__Entries shown__
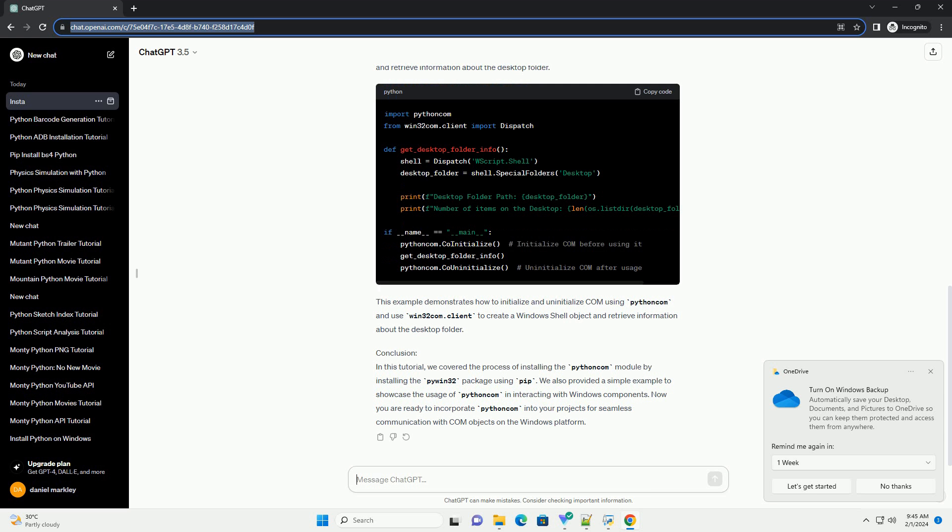Conclusion: In this tutorial, we covered the process of installing the Python Com module by installing the PyWin32 package using PIP. We also provided a simple example to showcase the usage of Python Com in interacting with Windows components. Now you are ready to incorporate Python Com into your projects for seamless communication with COM objects on the Windows platform.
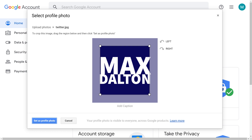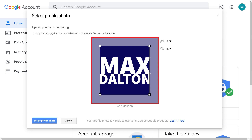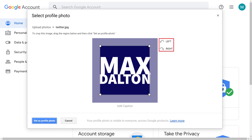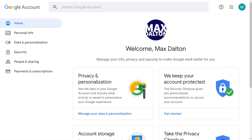Step 4: adjust the cropping of the image, and use the left and right buttons to rotate the image if you need to. After making any necessary adjustments, click Set as Profile Photo. You'll return to your Google My Account screen where you'll see your profile picture is instantly changed.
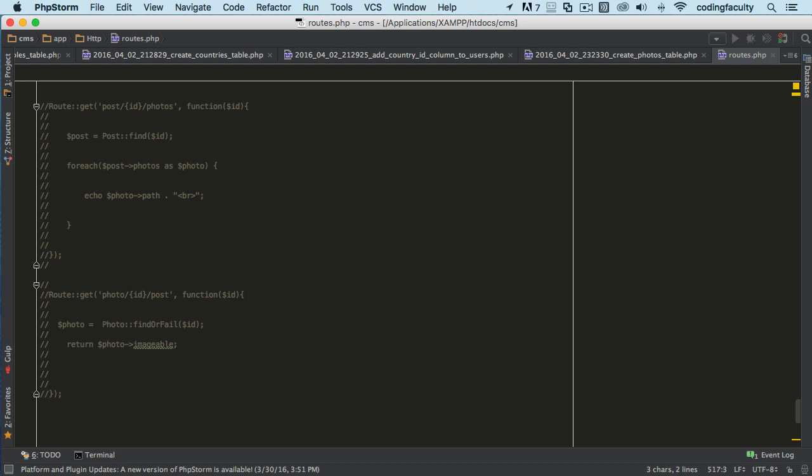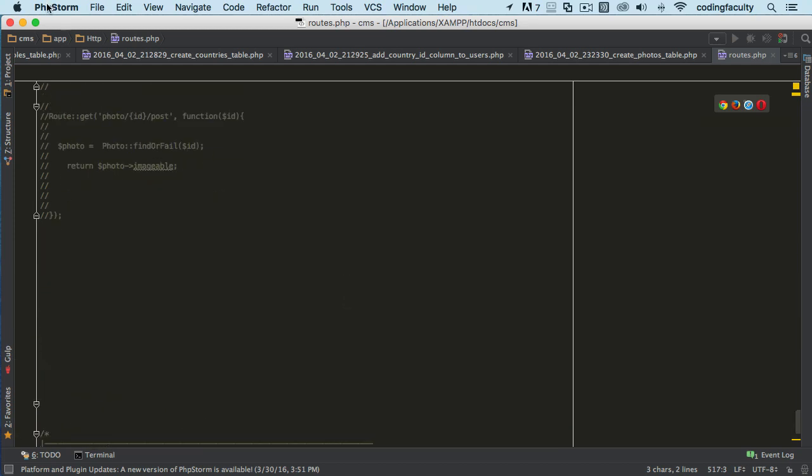Now we're going to be dealing with many-to-many polymorphic relations. We're going to be following some conventions and examples from the laravel.com website — I'll give you links at the end of each section so you can refer back. We already have a posts table, so we're going to leave that. We're going to create migrations for videos and also a tags and a tagables table. Basically, many-to-many polymorphic relations share a single list of unique records among the other tables.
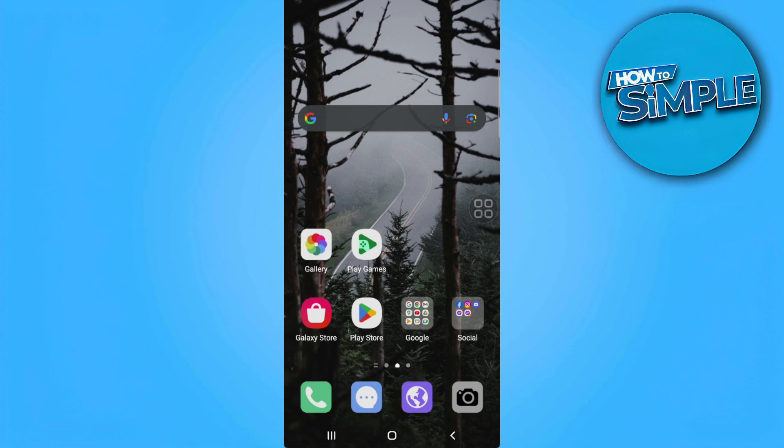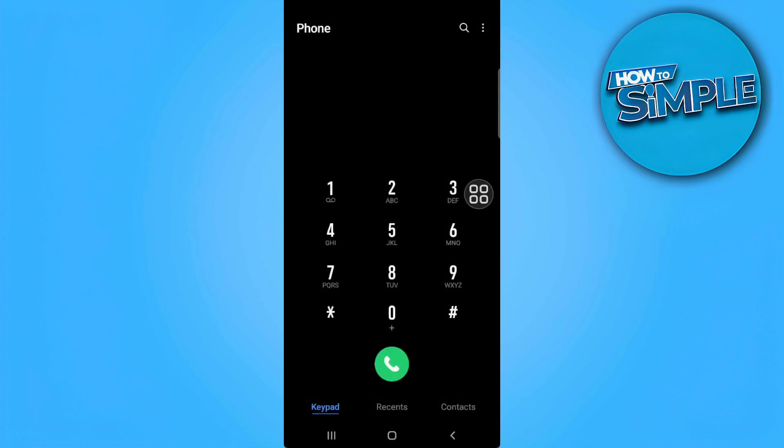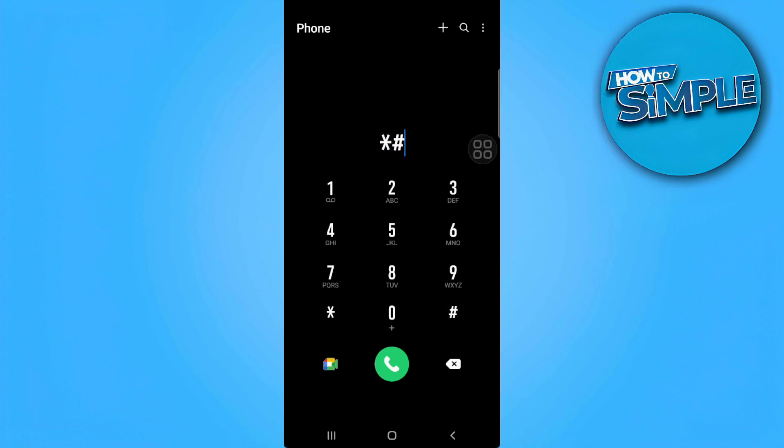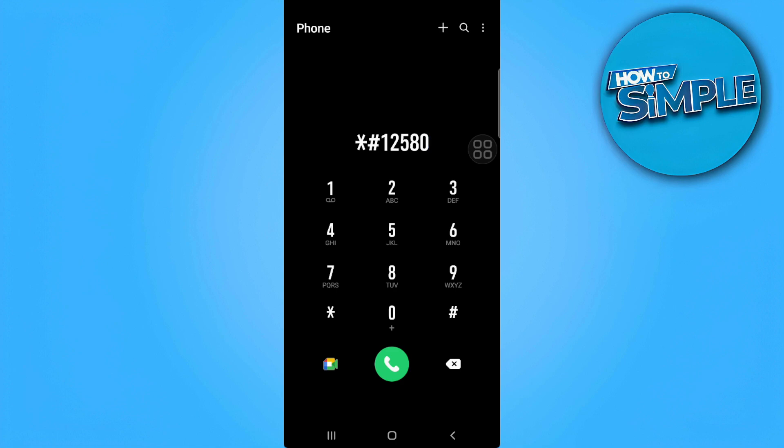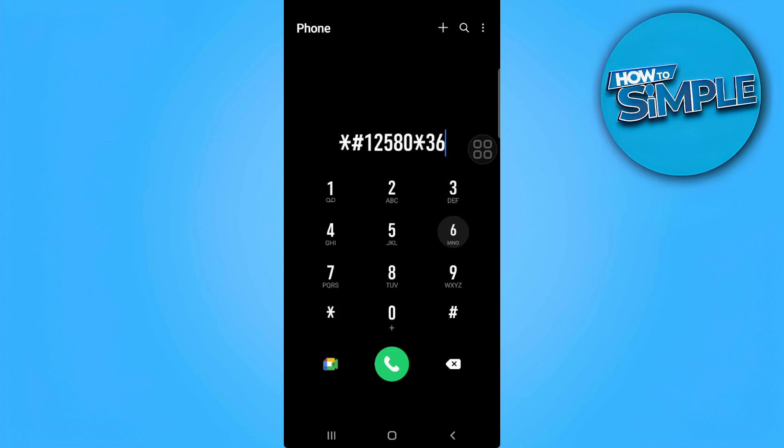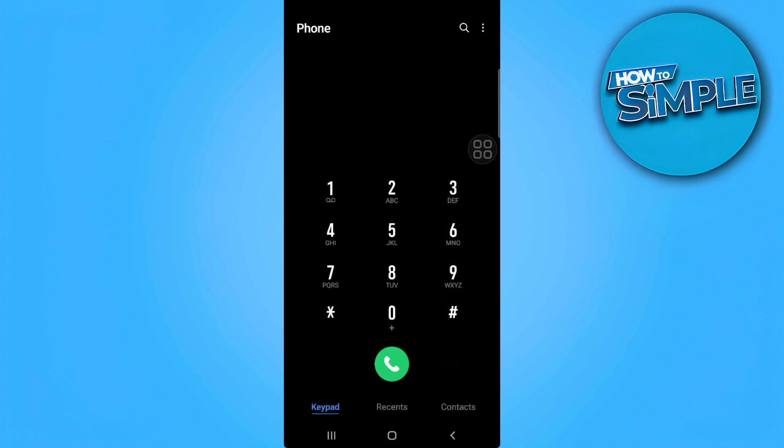To see the activation date of your Android phone, enter a code in your keypad. For my phone, I'm using a Samsung phone, so I'm going to type asterisk number sign 12580 asterisk 369 number sign.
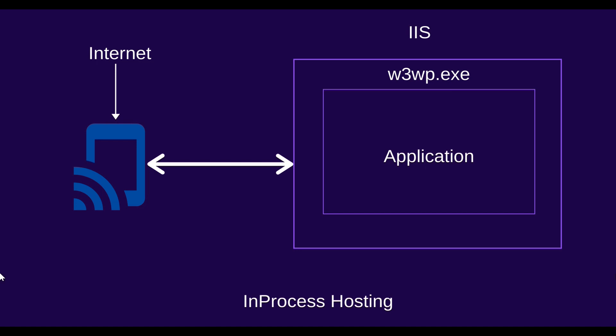In this picture we describe in-process hosting. That means when the request comes through the internet, it goes to the application using w3wp.exe. The request is processed, then it responds back to the server.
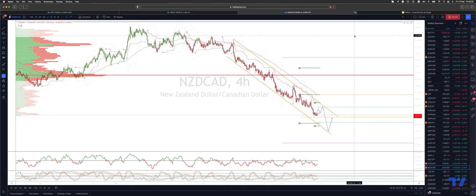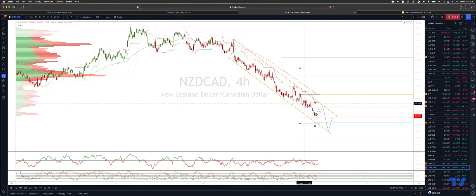Welcome traders to another Tip Mill trading update with me Patrick. I want to update the Kiwi-CAD view here on the four-hour timeframe, with a nice little channel trade setting up.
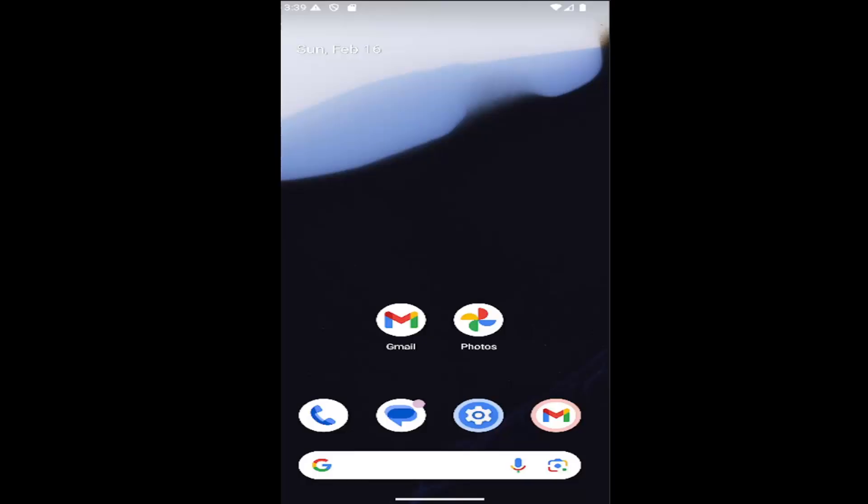So whether it's a Samsung Galaxy, Google Pixel, or another Android-based phone, I have you covered. Without further ado, let's go ahead and jump right into it.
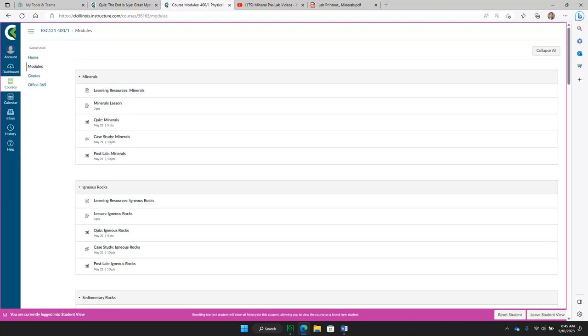As you go through the lesson, you will take notes in your guided study that will then help you prepare for the quiz. The quiz, case study, and post lab all have their own videos, so this is the end of the video, What's in a Module?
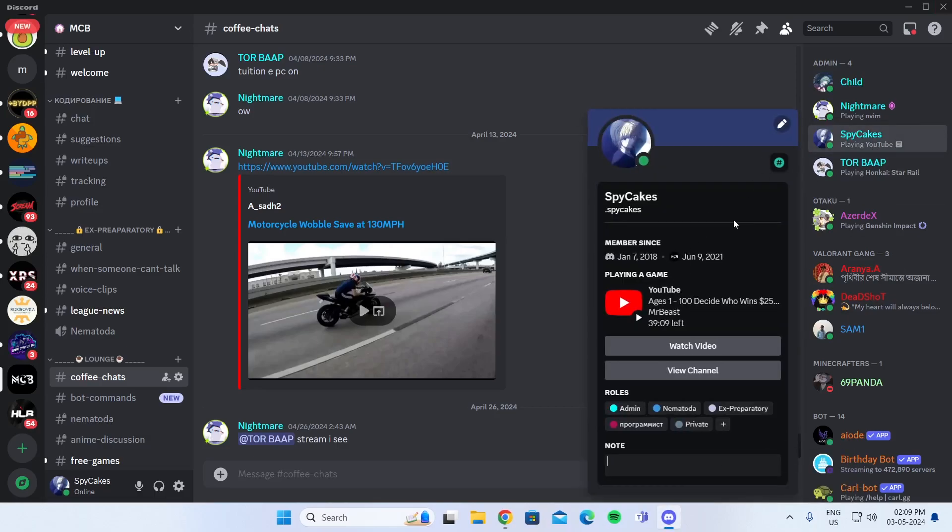And that is how to show what YouTube video you are watching on Discord. I hope this video was helpful. If it was, please give it a thumbs up and don't forget to subscribe.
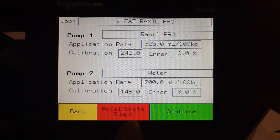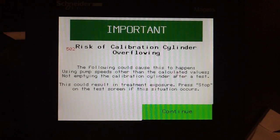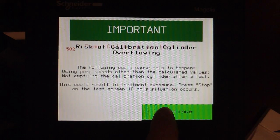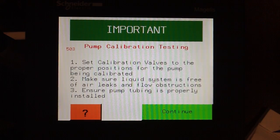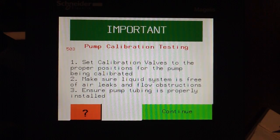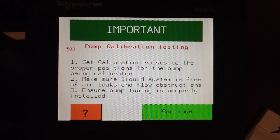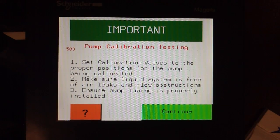Please select Recalibrate Pumps. An important screen pops up talking about the risk of calibration cylinder overflow. Select Continue. Another important screen pops up. This asks you to set the calibration valve to the proper position for the pump being calibrated, ensure the liquid system is free of air leaks and flow obstructions, and ensure the pump tubing is properly installed. Select Continue.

__Requirement__
In the copy, include each line from the start of the material through the line with "To see the activation", word for word, but none of the pictures.

__Answer area__
Conclusion: In this tutorial, we covered the process of installing the Python Com module by installing the PyWin32 package using PIP. We also provided a simple example to showcase the usage of Python Com in interacting with Windows components. Now you are ready to incorporate Python Com into your projects for seamless communication with COM objects on the Windows platform.
Step 4: adjust the cropping of the image, and use the left and right buttons to rotate the image if you need to. After making any necessary adjustments, click Set as Profile Photo. You'll return to your Google My Account screen where you'll see your profile picture is instantly changed.
Now we're going to be dealing with many-to-many polymorphic relations. We're going to be following some conventions and examples from the laravel.com website — I'll give you links at the end of each section so you can refer back. We already have a posts table, so we're going to leave that. We're going to create migrations for videos and also a tags and a tagables table. Basically, many-to-many polymorphic relations share a single list of unique records among the other tables.
To see the activation date of your Android phone, enter a code in your keypad. For my phone, I'm using a Samsung phone, so I'm going to type asterisk number sign 12580 asterisk 369 number sign.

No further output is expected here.